## Provided data
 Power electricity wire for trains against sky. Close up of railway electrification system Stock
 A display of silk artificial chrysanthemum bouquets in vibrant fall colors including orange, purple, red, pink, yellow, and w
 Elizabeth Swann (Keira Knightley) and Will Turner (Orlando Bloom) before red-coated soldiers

---

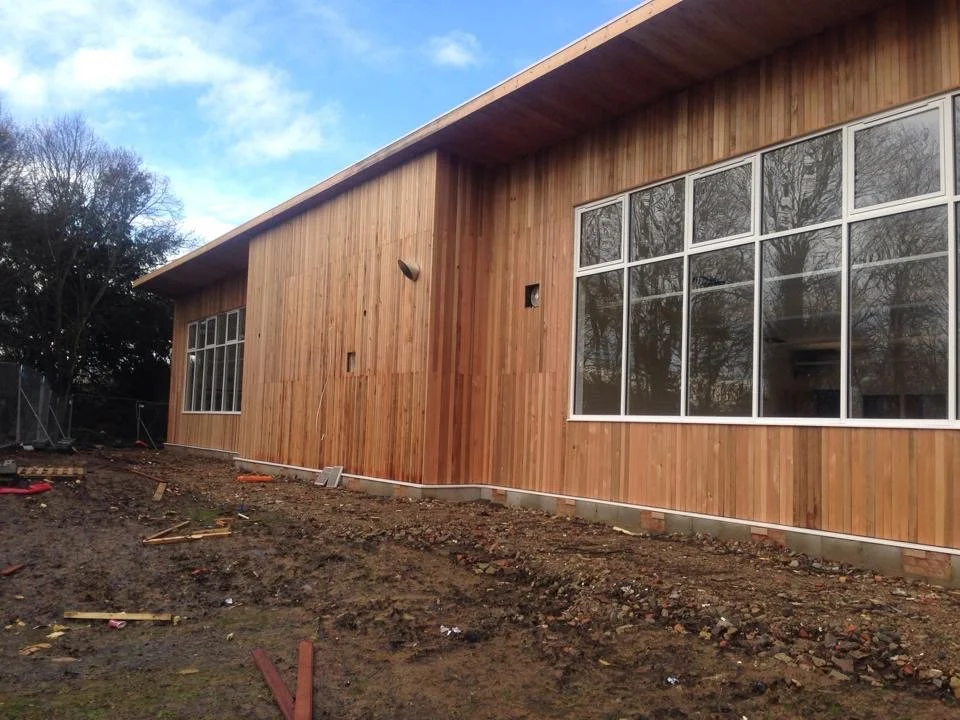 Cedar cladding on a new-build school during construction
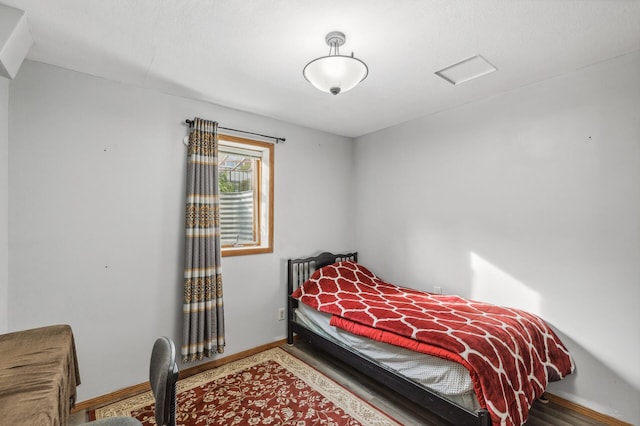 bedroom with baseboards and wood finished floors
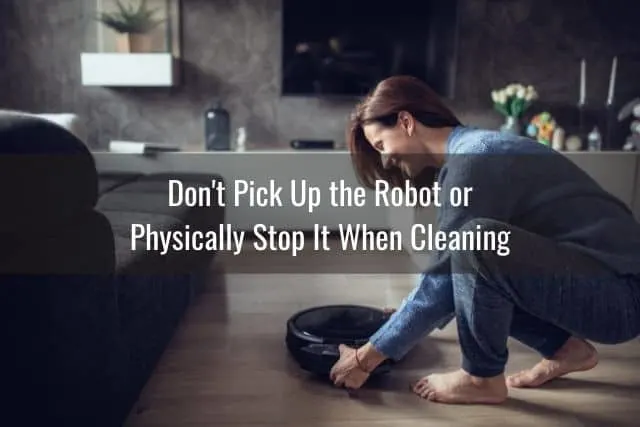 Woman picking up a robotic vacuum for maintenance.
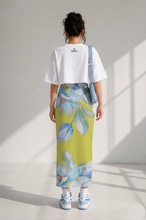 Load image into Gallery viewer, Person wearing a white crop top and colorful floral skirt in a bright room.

==

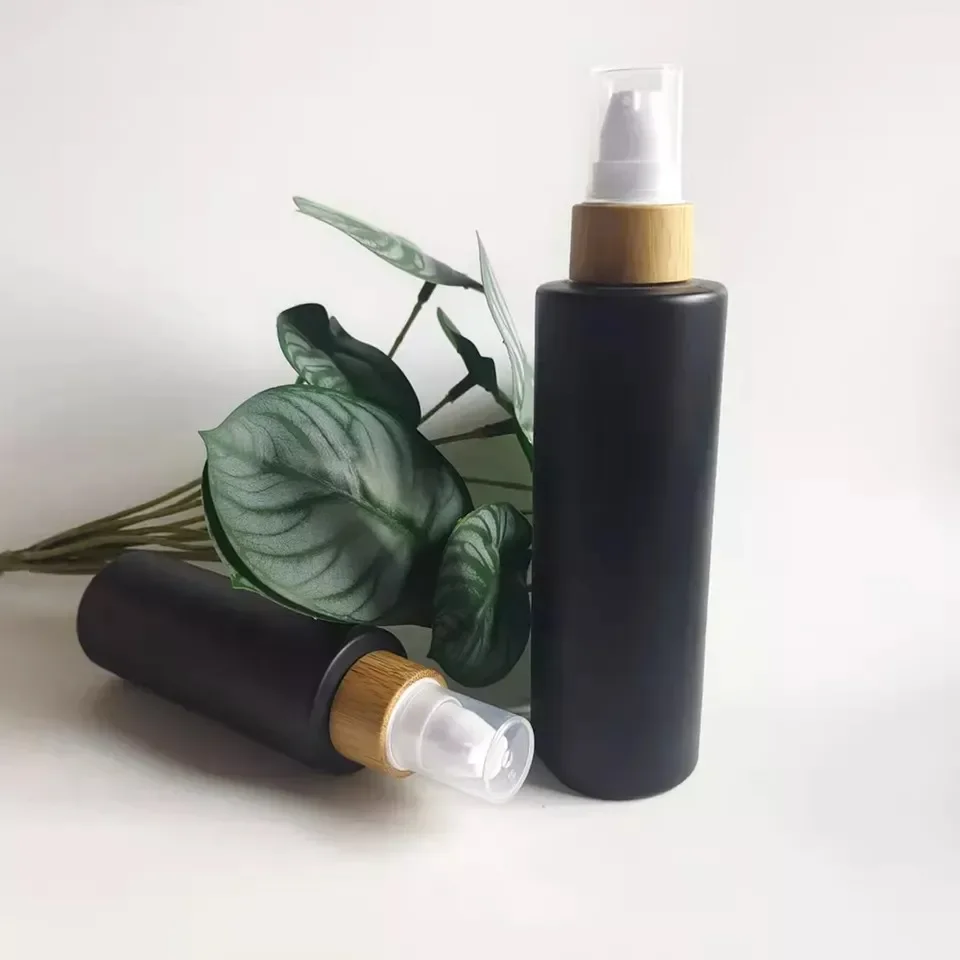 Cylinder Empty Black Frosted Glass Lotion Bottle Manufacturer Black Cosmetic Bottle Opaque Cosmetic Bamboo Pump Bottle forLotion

## Problem to solve
Please give an exact copy of the lines above, beginning with the line containing "Power electricity wire" and running through the line containing "Elizabeth Swann (Keira", and of no other lines.

## Exercise answer
 Power electricity wire for trains against sky. Close up of railway electrification system Stock
 A display of silk artificial chrysanthemum bouquets in vibrant fall colors including orange, purple, red, pink, yellow, and w
 Elizabeth Swann (Keira Knightley) and Will Turner (Orlando Bloom) before red-coated soldiers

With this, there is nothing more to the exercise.